Police arrest someone in America every 36 seconds on marijuana charges, with a record 872,000 arrests made in 2007, "more than for all violent crimes combined, Hightower and Frazer point out. They note that 89 per cent of all marijuana arrests "are for simple possession of the weed, not for producing or selling it.
They argue the drug war "is doing far more harm than marijuana itself ever will, because (1) it diverts hundreds of thousands of police agents from serious crimes "to the pursuit of harmless tokers ; (2) it costs taxpayers at minimum $10 billion a year to catch, prosecute, and incarcerate marijuana users and sellers; (3) it enables government to snatch the cars, money, computers and other properties of people caught up in drug raids even if they have had no charges filed against them; and (4) it allows "police agents at all levels to trample our Bill of Rights in their eagerness to nab pot consumers.
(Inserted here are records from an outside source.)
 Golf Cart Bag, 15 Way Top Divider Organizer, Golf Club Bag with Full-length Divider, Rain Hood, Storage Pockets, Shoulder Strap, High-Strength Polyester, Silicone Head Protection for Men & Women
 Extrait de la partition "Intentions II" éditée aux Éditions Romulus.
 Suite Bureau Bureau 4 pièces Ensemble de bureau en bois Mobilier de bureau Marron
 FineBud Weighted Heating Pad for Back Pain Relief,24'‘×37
The drug war has also unleashed a torrent of racism in the form of unjust sentencing, which confines crack-cocaine users who are mostly black to prison for longer terms than powder snorters, who are mostly white.
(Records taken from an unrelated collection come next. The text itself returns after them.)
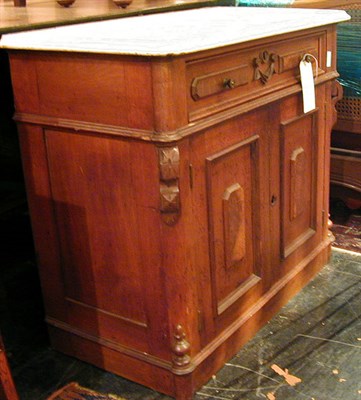 Lot 761 - Victorian Mahogany Marble Top Cabinet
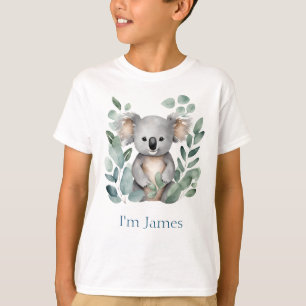 Personalisierter Zwillingsname Watercolor Koala Bä T-Shirt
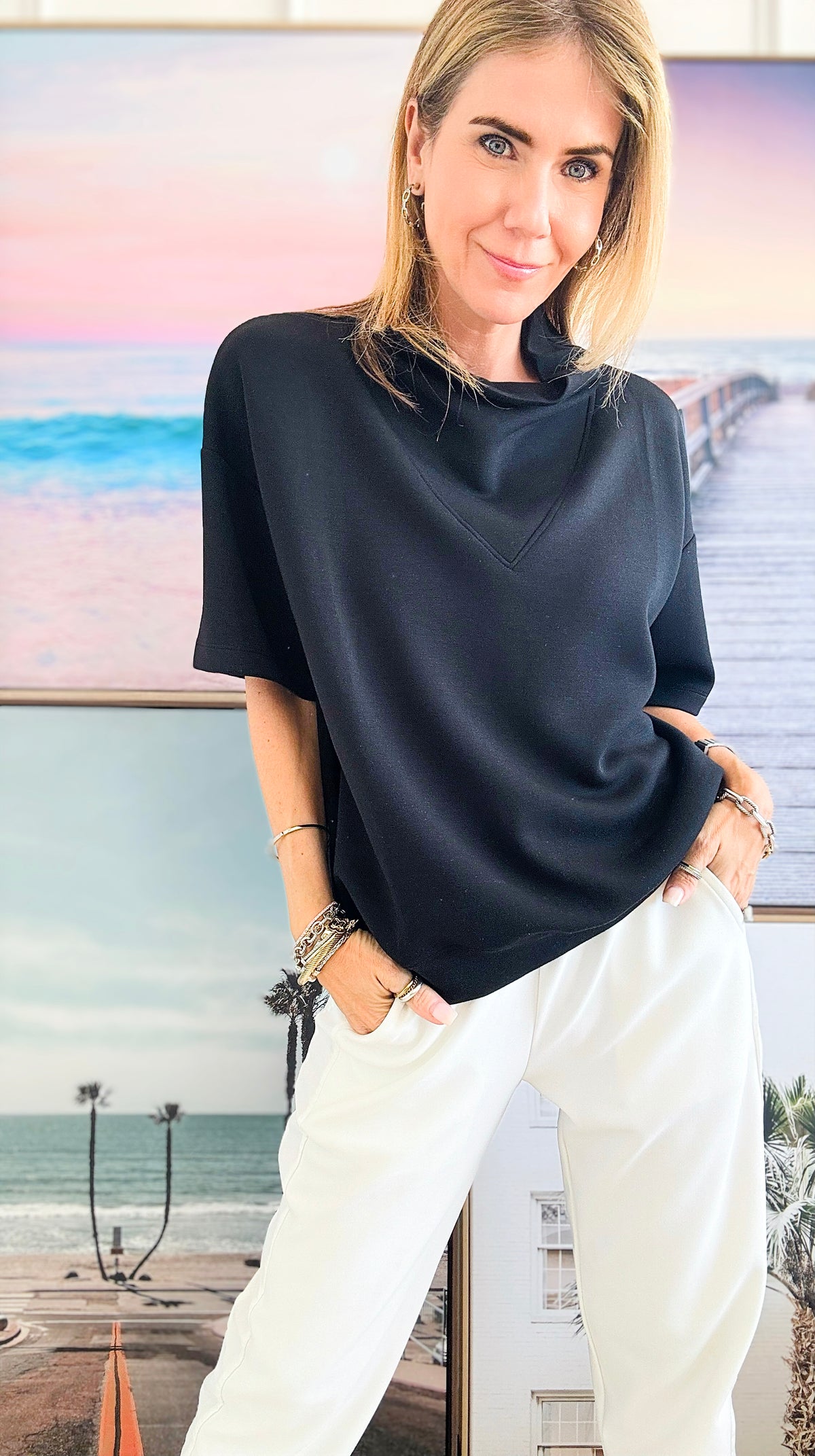 Suave Scuba Cowl Neck Top - Black-110 Short Sleeve Tops-Rae Mode-Coastal Bloom Boutique, find the trendiest versions of the popular styles and looks Located in Indialantic, FL
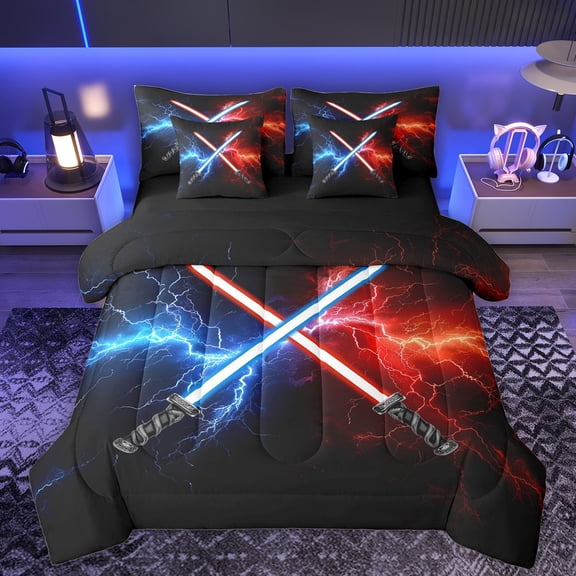 Manfei Red Blue Lightsaber 7 Pieces Bedding Comforter Set,Video Games Theme Full Bedding Set,Neon Glowing Lightning Fitted Sheet Flat Sheet For Boys,Ultra Soft Home Decor Reversible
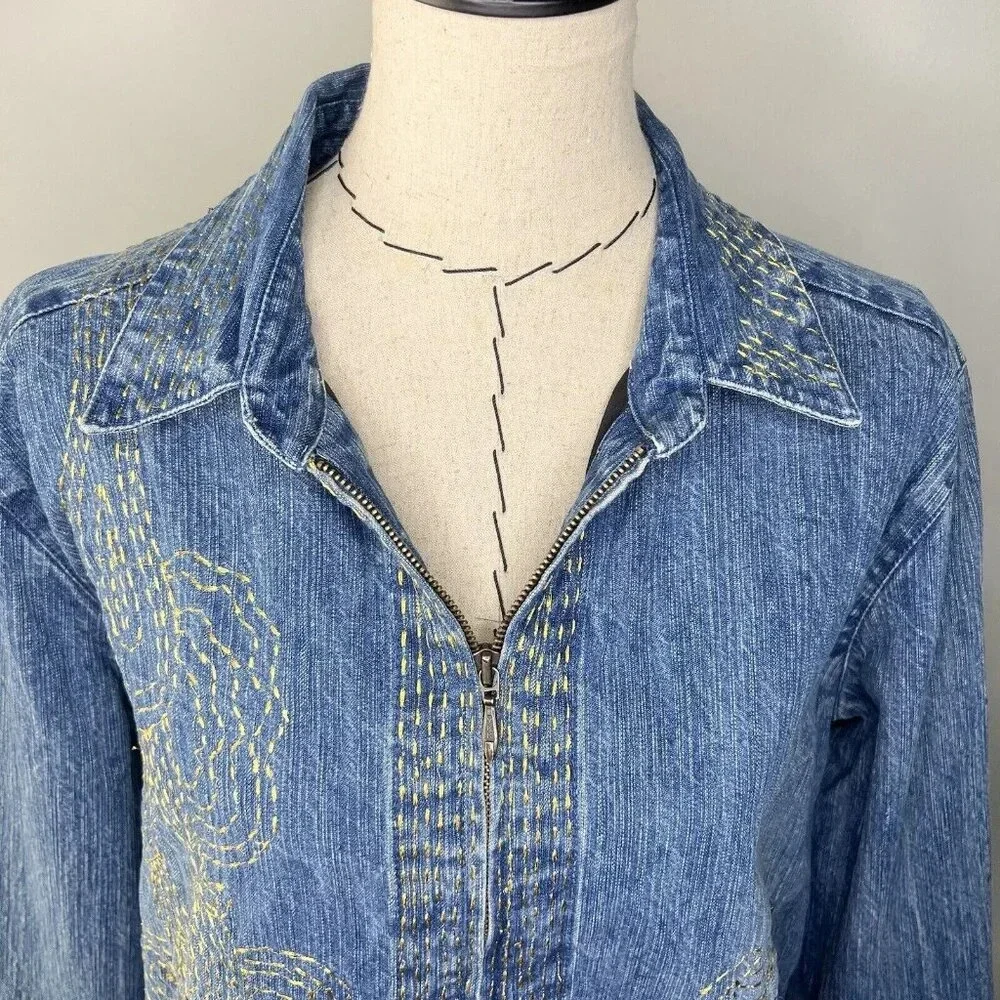 Chicos Denim Jacket Embroidered Gold Paisley Vintage Sz M 90s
Hightower and Frazer say authorities have perverted the infamous "Patriot Act of 2001 for use in non-terrorism cases, allowing "sneak-and-peak search warrants to be used in drug war probes, including pursuit of marijuana users. The Act's provisions were supposed to be applied only for suspected terrorist acts. Only three of the Justice Department's 763 requests for "sneak-and-peak last year were used for terrorism searches, they report in Lowdown.